* _Required action_: Word for word, restate the data that follows, omitting the images.

* _Data excerpt_:
========================================

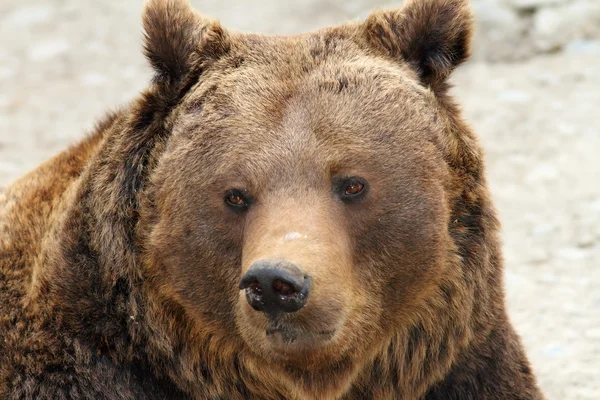 Portret wielki niedźwiedź brunatny — Zdjęcie stockowe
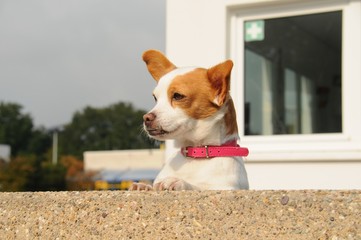 Hund in einem Schwimmbad im Hochsommer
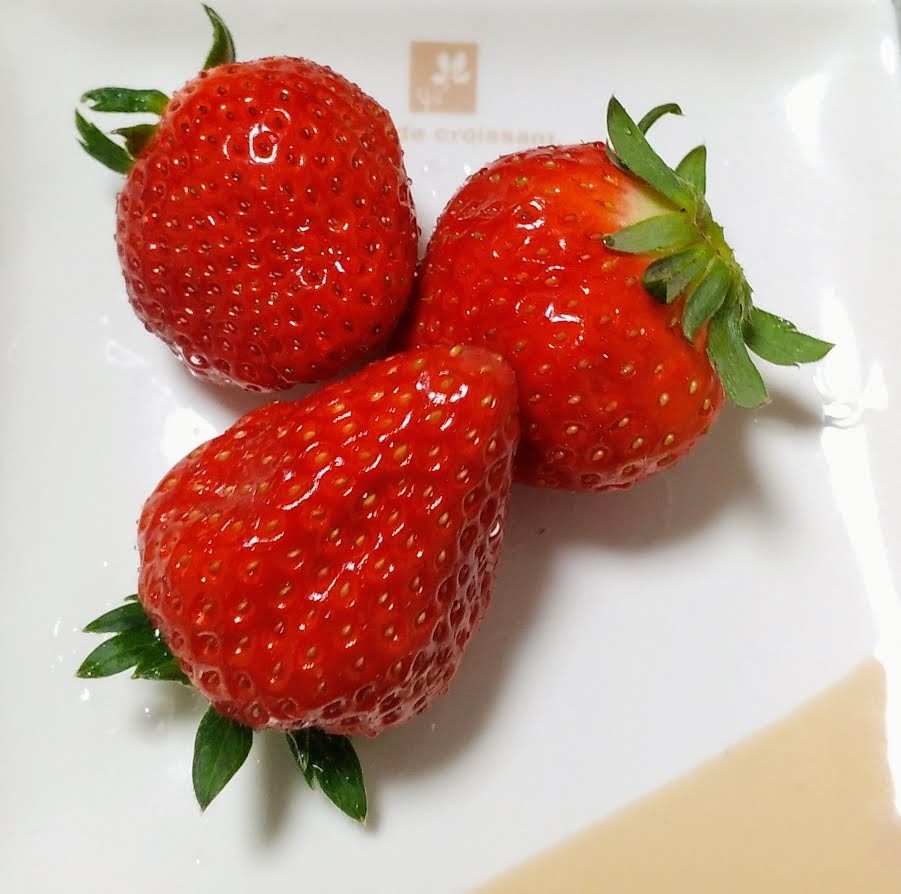 f:id:menkui375:20220124220359j:plain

========================================

* _Response area_:
 Portret wielki niedźwiedź brunatny — Zdjęcie stockowe
 Hund in einem Schwimmbad im Hochsommer
 f:id:menkui375:20220124220359j:plain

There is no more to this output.